[Crawled caption data]
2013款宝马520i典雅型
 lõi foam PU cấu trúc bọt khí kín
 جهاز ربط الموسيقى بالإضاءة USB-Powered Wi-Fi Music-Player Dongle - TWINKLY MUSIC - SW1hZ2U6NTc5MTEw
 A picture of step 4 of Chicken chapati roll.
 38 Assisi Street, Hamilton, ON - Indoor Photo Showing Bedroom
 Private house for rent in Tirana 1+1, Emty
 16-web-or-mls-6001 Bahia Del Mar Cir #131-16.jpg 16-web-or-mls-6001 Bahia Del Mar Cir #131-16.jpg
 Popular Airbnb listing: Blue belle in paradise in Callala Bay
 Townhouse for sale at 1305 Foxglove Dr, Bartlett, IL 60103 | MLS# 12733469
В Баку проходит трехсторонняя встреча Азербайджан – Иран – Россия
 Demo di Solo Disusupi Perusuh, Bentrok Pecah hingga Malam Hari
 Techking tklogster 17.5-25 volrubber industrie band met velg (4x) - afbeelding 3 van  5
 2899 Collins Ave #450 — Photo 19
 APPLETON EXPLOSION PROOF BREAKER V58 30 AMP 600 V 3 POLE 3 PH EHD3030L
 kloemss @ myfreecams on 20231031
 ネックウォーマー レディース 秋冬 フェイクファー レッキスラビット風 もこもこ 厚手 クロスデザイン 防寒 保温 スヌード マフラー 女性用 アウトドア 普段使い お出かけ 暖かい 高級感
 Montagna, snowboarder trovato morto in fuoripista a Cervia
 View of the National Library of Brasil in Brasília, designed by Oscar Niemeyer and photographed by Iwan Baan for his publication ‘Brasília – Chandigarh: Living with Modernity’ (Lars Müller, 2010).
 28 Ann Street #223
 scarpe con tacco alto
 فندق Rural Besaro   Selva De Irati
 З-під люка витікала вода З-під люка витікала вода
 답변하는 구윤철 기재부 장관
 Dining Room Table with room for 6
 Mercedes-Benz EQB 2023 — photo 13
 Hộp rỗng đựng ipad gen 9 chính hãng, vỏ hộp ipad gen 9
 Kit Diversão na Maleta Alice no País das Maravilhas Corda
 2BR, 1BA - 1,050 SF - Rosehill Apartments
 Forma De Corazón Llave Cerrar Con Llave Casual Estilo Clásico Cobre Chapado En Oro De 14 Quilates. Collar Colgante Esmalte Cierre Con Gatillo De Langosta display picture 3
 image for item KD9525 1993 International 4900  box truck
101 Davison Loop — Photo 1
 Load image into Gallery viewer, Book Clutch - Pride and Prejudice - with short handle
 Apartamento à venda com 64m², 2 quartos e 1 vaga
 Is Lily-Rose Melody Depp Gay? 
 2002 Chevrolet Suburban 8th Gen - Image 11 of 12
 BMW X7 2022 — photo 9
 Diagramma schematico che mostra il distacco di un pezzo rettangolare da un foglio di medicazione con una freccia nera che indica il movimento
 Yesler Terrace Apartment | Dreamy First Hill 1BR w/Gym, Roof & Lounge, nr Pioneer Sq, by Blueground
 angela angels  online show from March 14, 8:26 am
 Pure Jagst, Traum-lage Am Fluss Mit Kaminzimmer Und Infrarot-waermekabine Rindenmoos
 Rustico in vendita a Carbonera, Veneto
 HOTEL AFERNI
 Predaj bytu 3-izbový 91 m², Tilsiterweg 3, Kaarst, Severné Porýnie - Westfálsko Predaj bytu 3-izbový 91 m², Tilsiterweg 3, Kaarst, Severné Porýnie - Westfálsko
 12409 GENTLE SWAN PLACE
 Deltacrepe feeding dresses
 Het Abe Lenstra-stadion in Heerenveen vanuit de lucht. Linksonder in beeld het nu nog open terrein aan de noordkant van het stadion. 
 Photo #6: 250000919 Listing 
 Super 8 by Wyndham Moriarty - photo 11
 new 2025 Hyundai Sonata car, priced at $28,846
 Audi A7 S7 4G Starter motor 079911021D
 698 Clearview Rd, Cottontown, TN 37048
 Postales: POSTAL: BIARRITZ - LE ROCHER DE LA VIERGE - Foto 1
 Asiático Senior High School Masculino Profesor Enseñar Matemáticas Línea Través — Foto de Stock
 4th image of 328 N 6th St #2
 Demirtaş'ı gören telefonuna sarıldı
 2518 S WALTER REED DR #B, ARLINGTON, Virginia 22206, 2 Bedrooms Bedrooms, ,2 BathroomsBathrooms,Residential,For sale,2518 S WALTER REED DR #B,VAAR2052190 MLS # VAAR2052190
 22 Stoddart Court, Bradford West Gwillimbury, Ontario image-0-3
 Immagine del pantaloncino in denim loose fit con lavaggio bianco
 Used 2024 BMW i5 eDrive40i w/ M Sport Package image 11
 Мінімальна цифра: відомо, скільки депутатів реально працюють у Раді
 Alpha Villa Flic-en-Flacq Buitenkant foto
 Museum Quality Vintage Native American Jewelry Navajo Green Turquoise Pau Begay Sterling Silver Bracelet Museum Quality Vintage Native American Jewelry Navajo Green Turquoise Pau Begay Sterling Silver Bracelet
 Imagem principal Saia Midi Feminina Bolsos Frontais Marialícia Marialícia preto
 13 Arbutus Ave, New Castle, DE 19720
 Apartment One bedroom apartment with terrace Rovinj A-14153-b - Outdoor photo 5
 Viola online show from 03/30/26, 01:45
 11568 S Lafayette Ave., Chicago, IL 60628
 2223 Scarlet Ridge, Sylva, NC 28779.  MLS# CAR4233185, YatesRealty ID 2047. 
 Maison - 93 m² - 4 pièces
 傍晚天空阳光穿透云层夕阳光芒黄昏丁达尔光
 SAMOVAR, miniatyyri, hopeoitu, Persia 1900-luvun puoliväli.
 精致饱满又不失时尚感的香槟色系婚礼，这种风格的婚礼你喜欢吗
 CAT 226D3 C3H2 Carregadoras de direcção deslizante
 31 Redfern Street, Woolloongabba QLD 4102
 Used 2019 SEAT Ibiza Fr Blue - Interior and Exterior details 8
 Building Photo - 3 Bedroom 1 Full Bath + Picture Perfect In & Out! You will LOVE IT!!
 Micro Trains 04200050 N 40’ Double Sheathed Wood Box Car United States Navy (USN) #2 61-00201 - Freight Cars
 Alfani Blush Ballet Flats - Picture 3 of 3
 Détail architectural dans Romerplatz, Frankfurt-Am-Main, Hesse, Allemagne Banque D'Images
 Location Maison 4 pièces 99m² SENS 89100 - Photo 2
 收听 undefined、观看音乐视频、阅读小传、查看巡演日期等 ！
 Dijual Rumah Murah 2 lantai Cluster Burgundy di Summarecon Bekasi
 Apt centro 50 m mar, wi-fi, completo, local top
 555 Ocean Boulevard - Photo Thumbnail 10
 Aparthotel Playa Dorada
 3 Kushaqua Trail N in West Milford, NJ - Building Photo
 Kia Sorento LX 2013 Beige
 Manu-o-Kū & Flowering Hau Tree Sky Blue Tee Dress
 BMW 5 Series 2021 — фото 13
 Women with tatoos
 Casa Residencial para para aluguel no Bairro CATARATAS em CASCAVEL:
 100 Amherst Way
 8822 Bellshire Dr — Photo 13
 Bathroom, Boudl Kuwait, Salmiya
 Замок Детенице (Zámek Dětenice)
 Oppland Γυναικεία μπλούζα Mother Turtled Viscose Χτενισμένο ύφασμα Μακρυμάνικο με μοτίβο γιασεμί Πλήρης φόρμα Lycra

**Problem details**. All lines above from the one with "Détail architectural dans" to the one with "100 Amherst Way", inclusive, should be copied exactly, and no other lines.

**The answer**.
 Détail architectural dans Romerplatz, Frankfurt-Am-Main, Hesse, Allemagne Banque D'Images
 Location Maison 4 pièces 99m² SENS 89100 - Photo 2
 收听 undefined、观看音乐视频、阅读小传、查看巡演日期等 ！
 Dijual Rumah Murah 2 lantai Cluster Burgundy di Summarecon Bekasi
 Apt centro 50 m mar, wi-fi, completo, local top
 555 Ocean Boulevard - Photo Thumbnail 10
 Aparthotel Playa Dorada
 3 Kushaqua Trail N in West Milford, NJ - Building Photo
 Kia Sorento LX 2013 Beige
 Manu-o-Kū & Flowering Hau Tree Sky Blue Tee Dress
 BMW 5 Series 2021 — фото 13
 Women with tatoos
 Casa Residencial para para aluguel no Bairro CATARATAS em CASCAVEL:
 100 Amherst Way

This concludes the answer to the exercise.